Telstra (ASX:TLS) made headlines last week by announcing significant job cuts of up to 2,800 positions as part of cost-saving measures.

This decision resulted in one of the largest weekly declines in its share price since 2020 and raised questions about whether this presents an opportunity to acquire a ‘blue-chip stock at a discount’, or, if it signals underlying issues within one of Australia’s major market players.

Admittedly, layoffs are rarely a positive sign for a company, and Telstra’s move is estimated to cost between $200 million and $250 million.
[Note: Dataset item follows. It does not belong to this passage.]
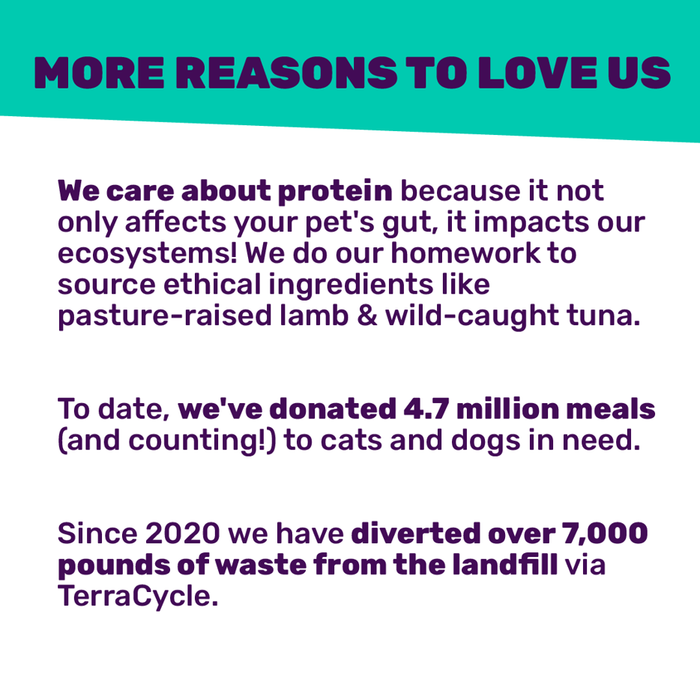 Text graphic with messages: "MORE REASONS TO LOVE US," detailing commitment to sustainable protein sourcing and ecosystem impact. States 4.7 million pet meals donated and over 7,000 pounds of waste diverted from landfills via TerraCycle.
However, there’s a silver lining: By making these changes, the company anticipates saving $350 million by the end of the 2025 financial year, resulting in a net positive scenario of $100 million.

If these cost savings are effectively reinvested to foster growth and innovation, this will potentially boost the share price. If this occurs, then Telstra might become an appealing investment option. One thing of note is that Telstra’s core mobile business continues to perform strongly, with the company projecting a pre-tax, pre-interest profit of $8.4-8.7 billion for the 2025 financial year.

Turning to the share price, Telstra is currently trading around $3.40.

What’s noteworthy is its historical resilience at these price levels: Despite 27-years on the ASX, it has only dipped below $3.40 on three occasions, each time rebounding strongly, with gains of at least 17 per cent, and even surpassing 90 per cent in 2015.

So, if Telstra has played its cards right, albeit at the cost of an unpopular decision, then perhaps we’re witnessing a ‘blue-chip stock at a discount’ right now. However, I would exercise caution and wait for signs of upward price momentum to confirm a new uptrend before you consider it a buying opportunity.

What are the best and worst-performing sectors this week?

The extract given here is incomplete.